Best option for trying Sway?

I use EndeavourOS / gnome / btrfs-timeshift as my daily driver and my system is quite fine-tuned for my workflow (main apps: neovim, brave/firefox, evolution, kitty/alacrity, signal/rocket.chat/telegram, zotero, latex, nextcloud). However, I want to try and eventually migrate to a tile window manager and chose the I3/sway route since it seems to be the natural choice for a newbie in tile window managers. I mostly live in Wayland, sway is the best option for me.
The question is:
Should I install sway in a different partition and work my way through or would it be ok to install in my current system?
The first seems more reasonable but time is of essence to me so if I could have a working system sooner it is more likely that I’ll stick with it and learn faster, which makes the latter very attractive since I would have already all my apps installed and properly configured.
Thus, maybe I should rephrase the question to:
Would installing sway on a working gnome system break it in any ways?
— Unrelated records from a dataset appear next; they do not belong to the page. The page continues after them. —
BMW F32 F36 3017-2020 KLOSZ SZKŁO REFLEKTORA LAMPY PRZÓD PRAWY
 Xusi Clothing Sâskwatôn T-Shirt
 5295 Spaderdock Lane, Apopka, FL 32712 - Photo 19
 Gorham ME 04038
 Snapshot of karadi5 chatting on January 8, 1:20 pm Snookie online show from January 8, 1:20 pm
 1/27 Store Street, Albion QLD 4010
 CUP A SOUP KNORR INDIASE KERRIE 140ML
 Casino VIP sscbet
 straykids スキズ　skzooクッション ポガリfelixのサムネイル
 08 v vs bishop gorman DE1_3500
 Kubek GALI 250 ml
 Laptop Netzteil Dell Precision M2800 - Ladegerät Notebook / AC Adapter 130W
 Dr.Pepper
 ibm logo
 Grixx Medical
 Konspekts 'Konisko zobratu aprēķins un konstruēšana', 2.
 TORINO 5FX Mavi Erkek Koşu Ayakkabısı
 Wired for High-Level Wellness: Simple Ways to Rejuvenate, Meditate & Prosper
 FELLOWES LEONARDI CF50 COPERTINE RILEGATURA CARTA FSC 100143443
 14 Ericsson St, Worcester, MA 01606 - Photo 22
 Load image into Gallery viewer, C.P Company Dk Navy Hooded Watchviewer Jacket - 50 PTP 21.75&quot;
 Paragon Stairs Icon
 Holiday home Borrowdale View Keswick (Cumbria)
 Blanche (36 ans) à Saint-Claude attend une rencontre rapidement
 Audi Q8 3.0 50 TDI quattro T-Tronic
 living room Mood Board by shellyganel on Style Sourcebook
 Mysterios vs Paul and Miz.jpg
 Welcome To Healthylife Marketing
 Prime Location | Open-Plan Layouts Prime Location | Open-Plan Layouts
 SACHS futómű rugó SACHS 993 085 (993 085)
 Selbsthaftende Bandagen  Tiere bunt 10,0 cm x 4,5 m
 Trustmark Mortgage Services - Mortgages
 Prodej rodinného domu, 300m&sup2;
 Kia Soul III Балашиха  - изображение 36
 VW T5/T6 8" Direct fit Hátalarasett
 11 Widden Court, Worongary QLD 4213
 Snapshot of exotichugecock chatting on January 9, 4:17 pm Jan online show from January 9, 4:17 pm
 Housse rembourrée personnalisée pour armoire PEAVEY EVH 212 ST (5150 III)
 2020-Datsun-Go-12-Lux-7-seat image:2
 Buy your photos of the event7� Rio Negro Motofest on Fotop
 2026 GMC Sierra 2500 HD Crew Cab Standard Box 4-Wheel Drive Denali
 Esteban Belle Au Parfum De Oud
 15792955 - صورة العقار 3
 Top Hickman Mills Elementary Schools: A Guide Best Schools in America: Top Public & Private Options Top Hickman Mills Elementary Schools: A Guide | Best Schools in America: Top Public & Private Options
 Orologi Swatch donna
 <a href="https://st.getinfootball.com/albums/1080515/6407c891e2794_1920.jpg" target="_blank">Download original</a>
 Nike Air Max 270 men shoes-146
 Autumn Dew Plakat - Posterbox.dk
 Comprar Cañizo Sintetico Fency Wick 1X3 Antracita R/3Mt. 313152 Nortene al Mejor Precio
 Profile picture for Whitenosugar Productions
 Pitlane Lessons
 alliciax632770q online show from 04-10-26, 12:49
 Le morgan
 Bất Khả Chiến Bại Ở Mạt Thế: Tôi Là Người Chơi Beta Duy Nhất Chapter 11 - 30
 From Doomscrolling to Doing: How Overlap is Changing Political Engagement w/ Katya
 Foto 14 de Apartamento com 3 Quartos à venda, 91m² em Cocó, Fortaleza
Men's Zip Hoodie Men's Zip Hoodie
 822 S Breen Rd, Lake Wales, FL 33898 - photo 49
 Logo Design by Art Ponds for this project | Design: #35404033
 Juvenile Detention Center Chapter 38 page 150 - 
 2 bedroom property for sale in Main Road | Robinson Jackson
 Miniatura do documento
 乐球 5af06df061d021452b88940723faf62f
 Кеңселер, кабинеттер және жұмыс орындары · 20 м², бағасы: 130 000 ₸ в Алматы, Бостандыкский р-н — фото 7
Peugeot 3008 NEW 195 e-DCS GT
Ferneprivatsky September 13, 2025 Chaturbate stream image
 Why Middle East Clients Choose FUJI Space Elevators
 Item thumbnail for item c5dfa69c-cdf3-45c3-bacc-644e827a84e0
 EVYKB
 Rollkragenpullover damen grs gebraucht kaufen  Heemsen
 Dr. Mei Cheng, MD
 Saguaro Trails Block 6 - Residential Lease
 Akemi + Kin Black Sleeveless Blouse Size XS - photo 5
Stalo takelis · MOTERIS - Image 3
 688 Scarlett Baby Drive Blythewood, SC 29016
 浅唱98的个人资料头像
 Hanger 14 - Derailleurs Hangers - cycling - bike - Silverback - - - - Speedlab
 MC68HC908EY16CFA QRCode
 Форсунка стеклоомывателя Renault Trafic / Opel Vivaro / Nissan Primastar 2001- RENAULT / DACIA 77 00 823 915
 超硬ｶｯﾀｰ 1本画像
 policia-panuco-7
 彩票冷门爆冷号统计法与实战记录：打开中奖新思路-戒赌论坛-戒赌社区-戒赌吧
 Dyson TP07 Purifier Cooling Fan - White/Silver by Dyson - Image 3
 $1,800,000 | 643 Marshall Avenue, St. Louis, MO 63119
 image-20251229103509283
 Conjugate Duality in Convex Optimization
Would you advise against that?
Apologies for the convoluted question, but it is indeed a complex use case.

Why are you using timeshift? Presumably, that you can restore your system to the previous state if you screw something up. So why are you afraid of screwing something up? :slight_smile:

Just install Sway alongside GNOME. Probably nothing will break. If it does, restore a snapshot.

That said, I have zero experience with Sway, and the last time I used GNOME was when 'Buntu stopped shipping Unity and forced me to use it (which I am grateful in the end, because it introduced me to KDE). Also, I don’t use Wayland (bad support for advanced tools which I depend on, specifically: xeyes :eyes:).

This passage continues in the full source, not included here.